On the opposite side of the hill grow the pine trees. On this one a very tall young man works with his horses. His father, mother, and grandfather also worked their horses on the hill. Joseph O’Brien is the most natural of growths.
He is also a very pleasant one. As a six foot jockey boiled down to nine stone his eyes used to shrink back into that almost babyish face and the responsibility of riding the multi million pound classic hopes saddled by his father Aidan made him loathe to say more than a courteous “good morning”. But now, freed of those restraints in this his first ‘official’ season as a trainer, his face and voice have emerged with an easy authority and a very obvious relish for his new role.

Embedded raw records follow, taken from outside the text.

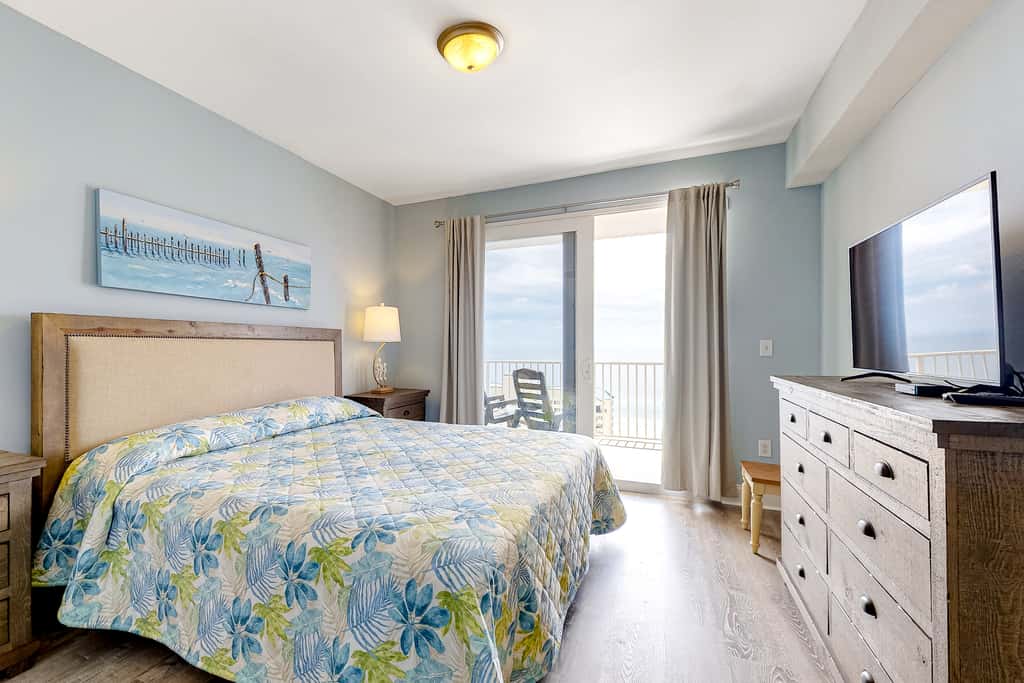 Wonderful Beach Escape with Shared Pools,Hot Tubs, Private Balcony, & Free WiFi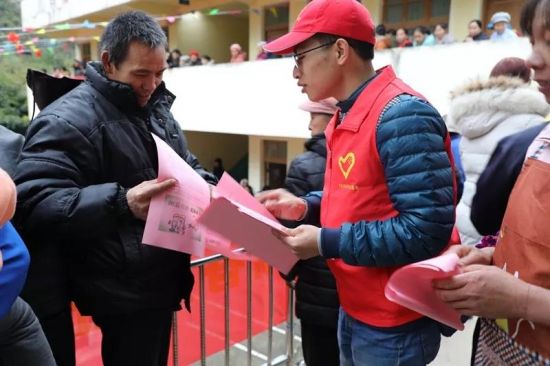 团市委赴那坡县开展2020年迎新春送温暖暨文化卫生科技“三下乡”系列活动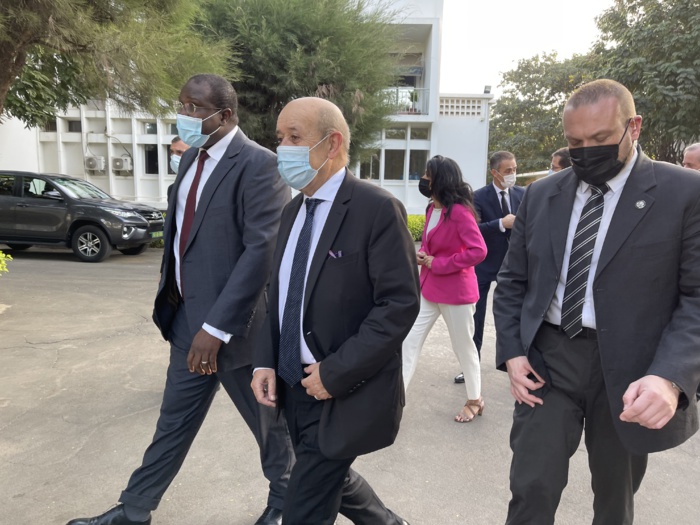 Visite : Le ministre français des affaires étrangères, Jean-Yves Le Drian dans les locaux de l’Institut Pasteur de Dakar. Visite : Le ministre français des affaires étrangères, Jean-Yves Le Drian dans les locaux de l’Institut Pasteur de Dakar.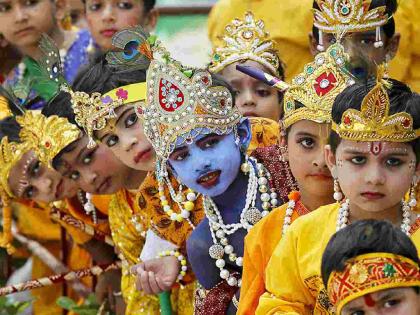 Digital devotion; a form of faith or just a display on a screen? | डिजिटल भक्ती; श्रद्धेचे रूप की फक्त स्क्रीनवरील प्रदर्शन ?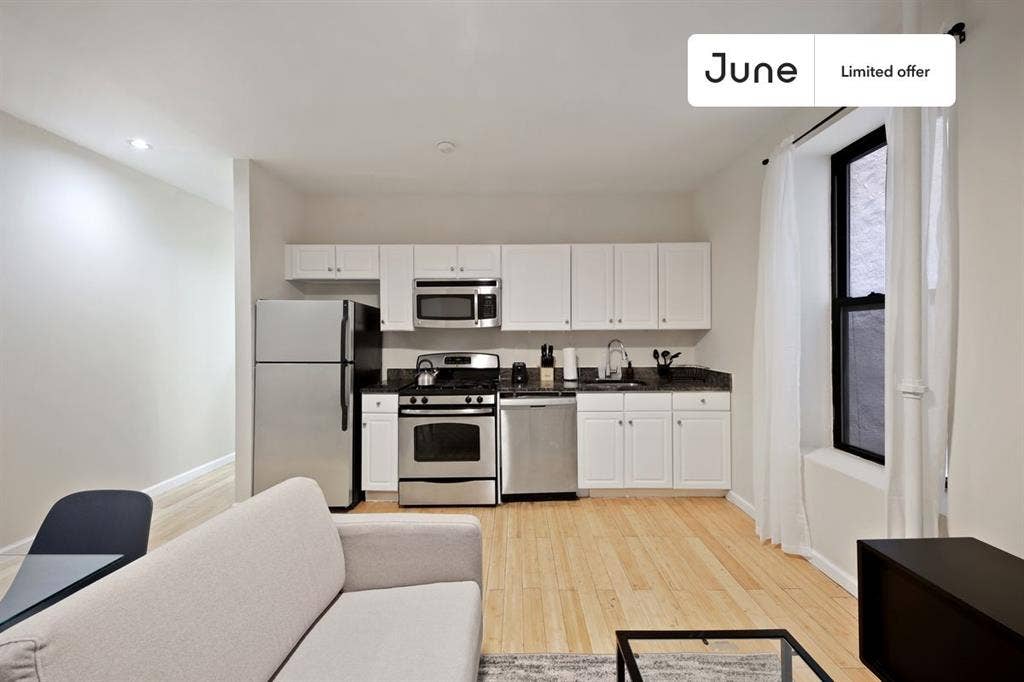 3 BR in New York City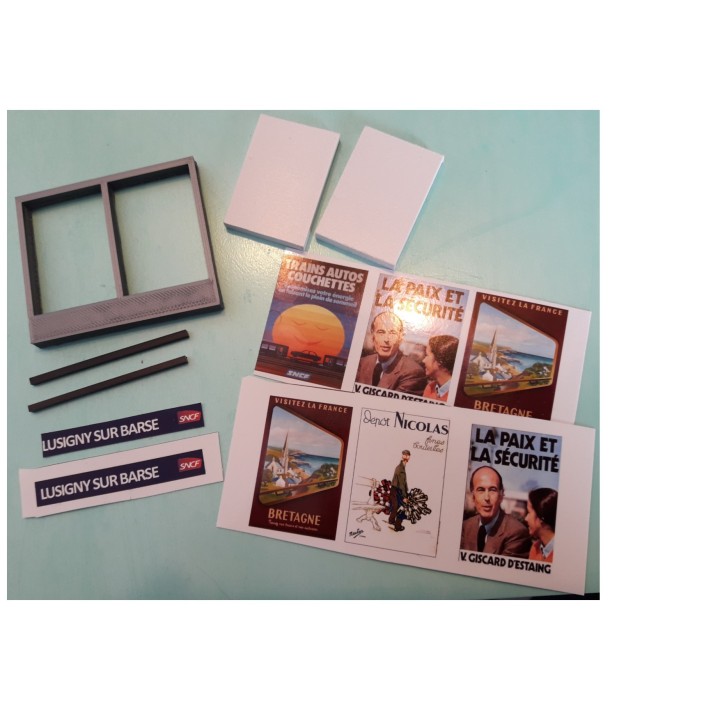 Panneaux publicitaires de quai de gare, twins échelle zéro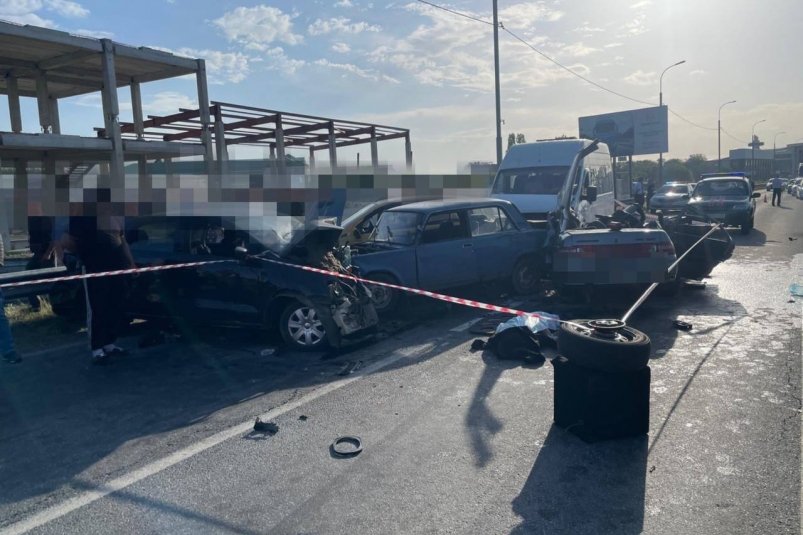 Маршрутка Невинномысск – Кочубеевское и еще 4 авто попали в ДТП Госавтоинспекция Ставрополья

“I always wanted to go training,” Joseph says as the Discovery bumps to where the woodchip gallop climbs the slope of Carriganog with the village of Piltown and the green spangled Kilkenny countryside spread out below us. “When I started at 16 my plan was to ride to 20 winners as an apprentice and then get an amateur licence. But I rode a good few winners and I wasn’t that heavy initially. The first year I was 8 stone, but the second 9 stone. Then the wasting began.”
There is an understated little laugh as the enormity of the point rings home and you notice the thicker forearms, fuller face and brighter eyes of his now 11 stone self. “The weight would go up to 9.7 in a couple of days and it was hard on me. But there are jockeys going through all this and more but they are doing 8.6 and 8.7. It was just a bit more obvious with me because I was tall and I was doing 9 stone. People made a big deal of me but guys like Adam Kirby and George Baker are just as big and do it every day.”
Nonetheless the stomach still shrinks in the cursory way in which he relates his standard method of shifting 7 lbs overnight – three pounds in a hot Epsom salts bath before bed, one pound whilst sleeping, and then three in another bath in the morning with just a can of Red Bull as riding fuel. Through seven seasons in Ireland this sacrifice was justified with over 500 winners, six classics, more than £10 million of prize money and two jockeys’ championships, whilst across in the UK he landed another £8.5 million, 22 Group Races and 5 classics including the Epsom Derby with Camelot and Australia. The record should amaze but his own part in the victories was often dismissed as little more than delivery boy for his famous father.
“I think it was very unfair” says eight times Irish champion Pat Smullen who speaks from the unique perspective of being married to Joseph’s Aunt Frances Crowley (herself the first woman to top the Irish Amateur list) as well as being an at times no-holds-barred-competitor on the track. “I don’t think he got the credit he deserved,” says Pat. “It’s easy to say he was riding the best horses but the best horses have to be ridden. The weight was viciously hard on him and I have the height of admiration for how he handled himself for so long. No doubt at the end the cracks were beginning to show but he was an exceptionally good jockey under the highest of pressure and didn’t get the recognition for it.”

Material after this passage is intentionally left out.